Over the course of my relatively young writing life I’ve developed some, shall we say, interesting habits. For instance, I write all of my first drafts on sticky-notes (a practice that I’ve blogged about here), I try not to read much fiction when I’m fully engaged in a project, I start my writing day (or these days writing morning) only after I’ve had my second cup of coffee, and I never talk about a project while it is in its developmental stages. These habits are comfortably ingrained and will no doubt be with me for the remainder of my career.
But there is another habit I’ve developed over the years that I’m not so comfortable with; a chronic practice that seems beneficial on the surface, but only serves to wreak havoc on any writing endeavor I dare to undertake.
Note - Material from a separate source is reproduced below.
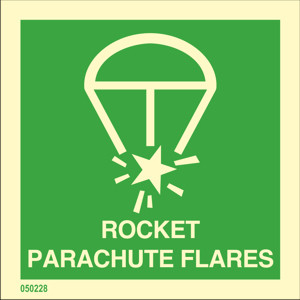 Rocket parachute flare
That habit?
Simply put, I’ve developed the mind-set that every single thing I write, from my novel to this blog post, has to be, well, perfect. Most of the time I don’t even know what perfection is. I’ve never achieved it, nor have I ever witnessed it in anyone else. But I strive for it nonetheless.
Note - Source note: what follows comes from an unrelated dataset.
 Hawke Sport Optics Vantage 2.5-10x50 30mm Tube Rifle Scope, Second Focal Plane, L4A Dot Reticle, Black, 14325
There are no doubt some who say that this is actually a positive trait to have, because it forces one to look critically at their work; scrutinizing every word, every idea, and that in turn leads to a stronger product. I can’t say I disagree with that argument in some instances.
But for me it has had the opposite effect. Because I am so fixated on the idea of creating a perfect product, with no real concept of what perfection looks like, I’m left creatively paralyzed.
Some writers say there is no such thing as writer’s block, but I completely disagree. I know it exists because I’ve had more than my fair share of it. For me the block usually occurs not because I’ve run out of ideas, but rather as the result of having too many ideas. In golf there is a term called ‘paralysis by analysis’ which means a golfer’s swing is hindered because he is thinking too much about mechanics and not relying on instinct. This idea can be applied perfectly to the writer. In my case it’s been my inability to trust my own talent enough to just stay out of the way and let instinct take over.
The intellectual side of me – the perfectionist – thinks every piece should be a home run, and refuses to settle for anything less. The instinctual side of me – the true artist – knows that if you step up to bat enough times eventually you will hit it out of the park. You may go 1 for 15 along the way, with more than a few strike-outs mixed in, but the home-run will come.
For years the intellectual side has won, and I believe this is one of the biggest reasons that I write this post as a yet-to-be-published novelist. But the instinctual side is slowly but surely gaining ground. I trust my gut a lot more than I used to, and I try my best not to ‘think’ my way through a piece, but instead allow myself to simply ‘write’ the piece. My God-given talent, such as it is, can carry me the rest of the way. It might result in a bloop single, it might result in a ground-out.
And that’s okay. As long as I trust my swing (the words I put down on the page) I’m bound to go yard sooner or later!